Subject Matter Experts as Trainers - Implications for Rapid E-learning

Wendy Wickham has posted a comment on her blog about Subject Matter Experts as trainers. I think this is a very interesting point she is making about the mindset, focus, interest and commitment of subject matter experts in the learning process. I'm sure we can all think of SMEs that are very motivated to pass on their knowledge, and try hard to help their learners really understand their subject. But unfortunately this is still all too rare.

I think a key reason for this is that SMEs assume that learners are in their (i.e. the SMEs) context, not the other way around. Wendy's point 3. The learner typically has to make the leap of understanding to be able to relate what they are being told back to their own needs or problems. In reality this is very challenging, unless the subject is very easy, and of course if it is that easy, they could probably have worked it out for themselves anyway! Context is critical for learning.

One key area of interest for me currently which directly relates to this discussion is the growth in rapid e-learning activity and its potential challenges and limitations . (See the discussion linked to some trends for 2007.

Rapid e-learning has emerged as one of the key trends for e-learning, and in some ways, rightly so given the cost and time to produce custom e-learning content.
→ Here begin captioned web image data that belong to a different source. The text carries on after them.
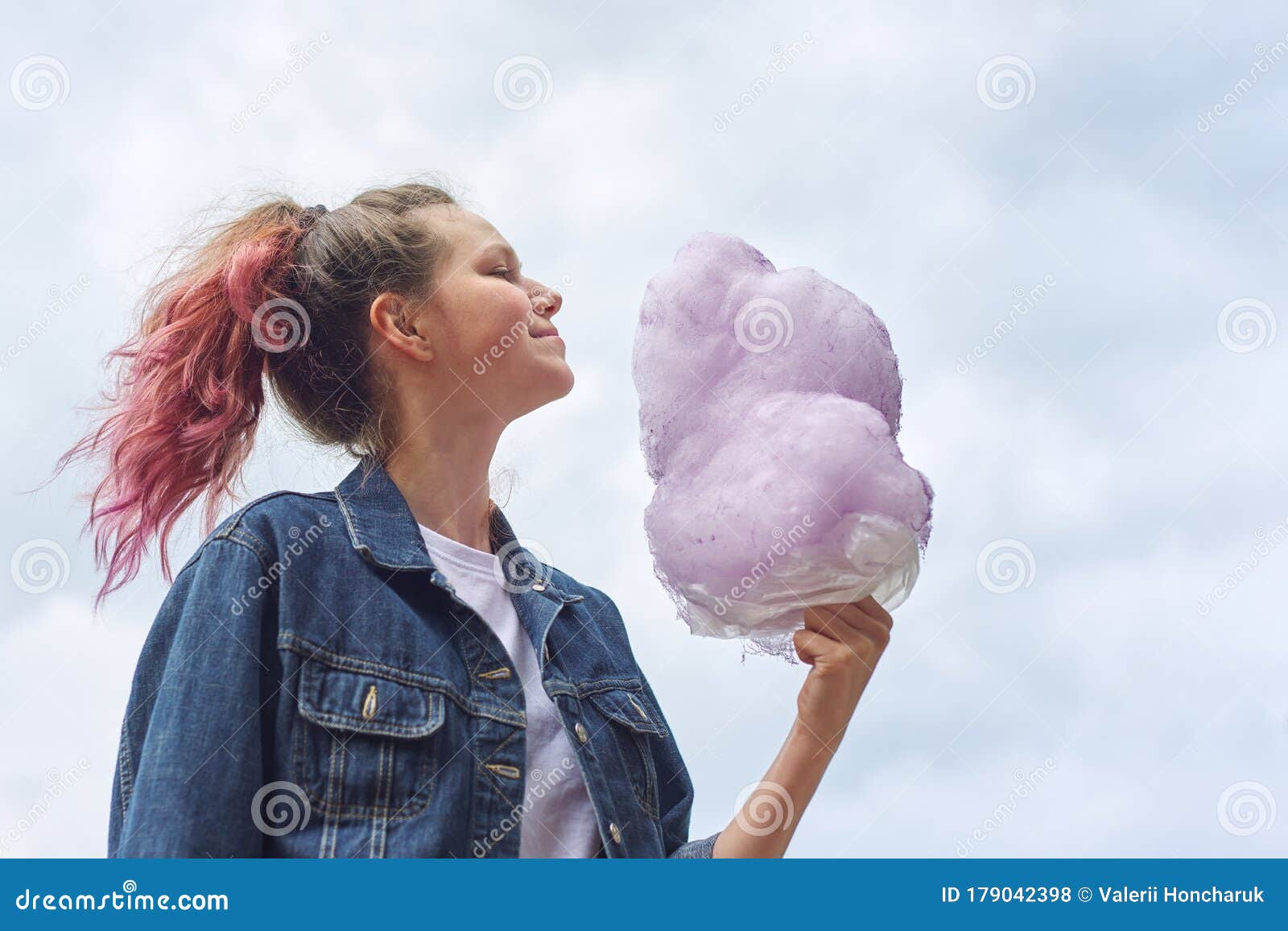 Beautiful Smiling Teenage Girl with Pink Hair, Hairstyle Holding Candy  Floss Stock Photo - Image of park, person: 179042398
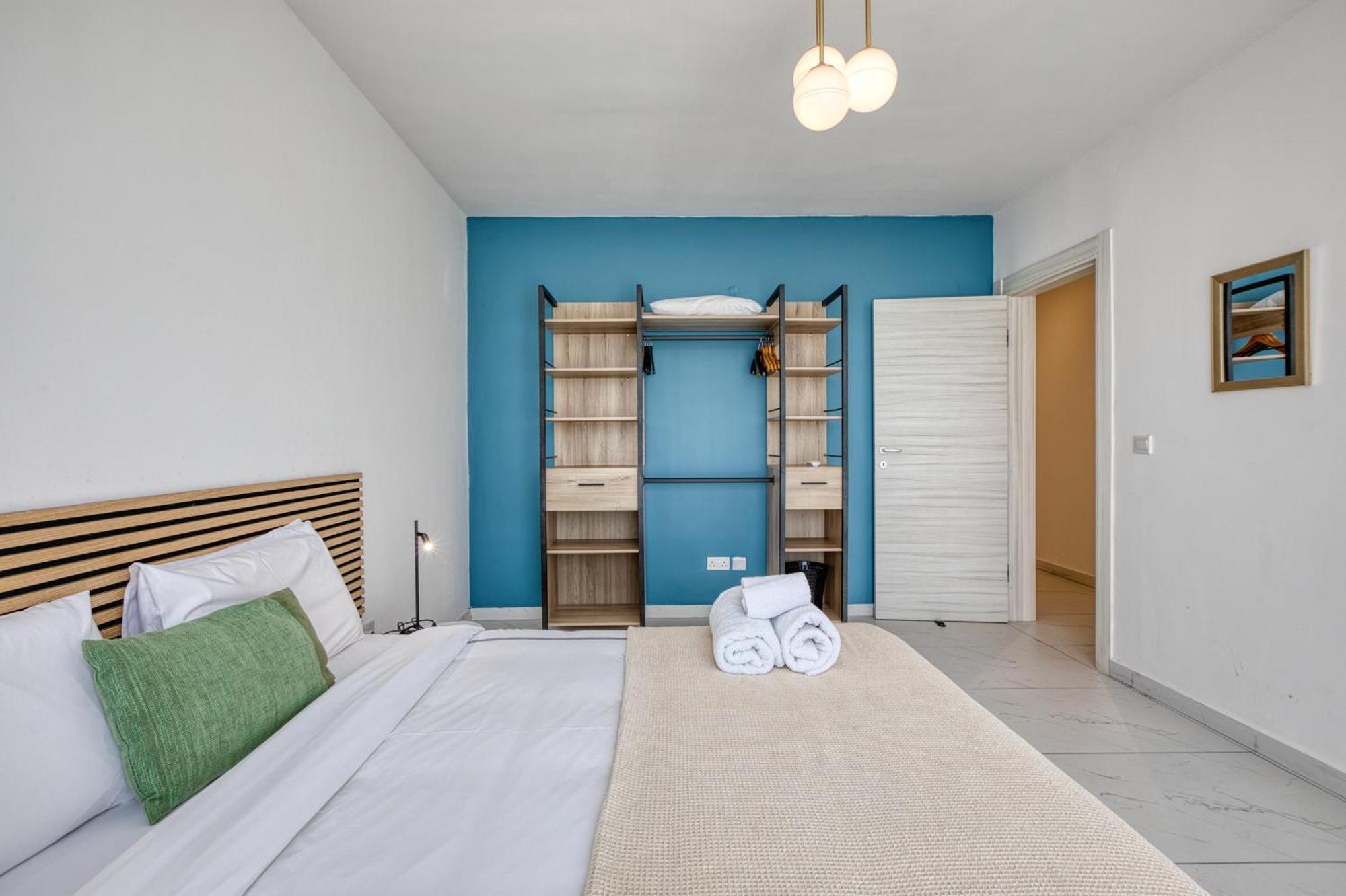 Blu Mar Sea View Apartments Σεντ Πόλς Μπέι Εξωτερικό φωτογραφία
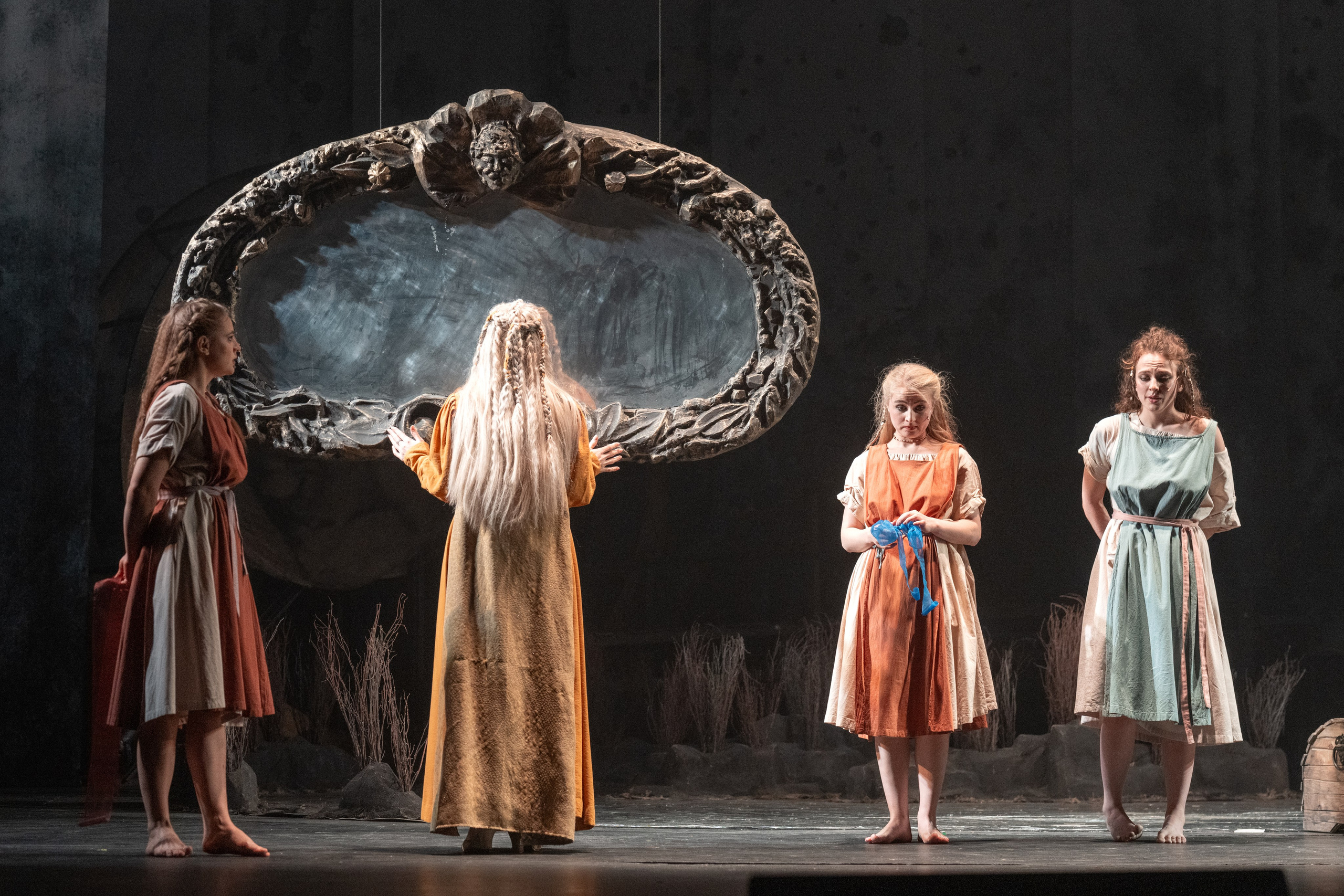 Алтайский молодёжный театр: Яга. Сайт фотографа Сергея Абрамова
A big part of this assumes that SMEs can also become e-learning authors, but as you have pointed out SMEs are generally not great trainers, let alone educators. They might be able to generate lots of powerpoint slides but that doesn't necessarily equate to good learning content. Now the problem will potentially be magnified as they start to produce lots of bad e-learning instead.

I say magnified because this problem already exists in current e-learning, and it also exists in SME driven training. But with rapid e-learning, we don't even have the SME face to face to give us a chance to ask questions or examine our context. Their potential to crank lots of bad learning reaches new levels.

Of course this is a risk, and more enlightened organisations are aware that they have to manage quality. But our research with large corporates shows that this is not an easy battle, often taking the form of damage limitation rather than added value!